I saw something searching about Linux compatibility layer (from 2014), the port no longer seems to exist.
Also a change in the make file that was more recent, my make file seemed to contain the modifications.
All and any help would be appreciated.
I hope you all are well.
Thanks


----------



## T-Daemon (Apr 10, 2020)

pestslent1 said:


> I went to update my virtualbox-ose port.



If you have a working copy of virtualbox-ose you might want to wait with the update.

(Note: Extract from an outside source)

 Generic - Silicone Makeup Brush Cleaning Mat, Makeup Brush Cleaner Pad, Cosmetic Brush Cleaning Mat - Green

						VirtualBox Issue after upgrade
					

After Upgrading process from 12.0 to 12.1 :  build world and kernel, Vbox is crashing every time started. No vboxnet0, No debug info, No logs. t4z3v4r3d@virtual /usr/home/t4z3v4r3d $ id uid=1001(t4z3v4r3d) gid=1001 groups=1001,0(wheel),5(operator),68(dialer),69(network),920(vboxusers)...




					forums.freebsd.org
				







__





						244847 – emulators/virtualbox-ose: Memory fault after Revision 528258
					






					bugs.freebsd.org
				






pestslent1 said:


> */usr/local/lib/compat/libstdc++.so.6: version GLIBCXX_3.4.21* required by /usr/ports/emulators/virtualbox-ose/work/VirtualBox-5.2.34/out/freebsd.amd64/release/obj/oiddb2c/oiddb2c not found



/usr/local/lib/compat/libstdc++.so.6 is a library of package misc/compat9x, but it doesn’t contain `GLIBCXX_3.4.21` , lang/gcc9 does (run `strings /usr/local/lib/gcc9/libstdc++.so.6 | grep GLIBCXX`), also compat9x it is not listed in the build dependencies (run `make build-depends-list` in the ports dirctory). If you want to go ahead with the build try install gcc9 first, then return to virtualbox, but you might want to keep an copy of virtualbox-ose (see pkg-create(8)), before installing the new one.

Again, be warned, for the time being there is no working build of virtualbox-ose from ports tree head, if you don’t count running the GUI over ssh (see comment # 26 from the bug report).


----------



## pestslent1 (Apr 10, 2020)

T-Daemon said:


> If you have a working copy of virtualbox-ose you might want to wait with the update.
> 
> 
> 
> ...



I appreciate the help.


----------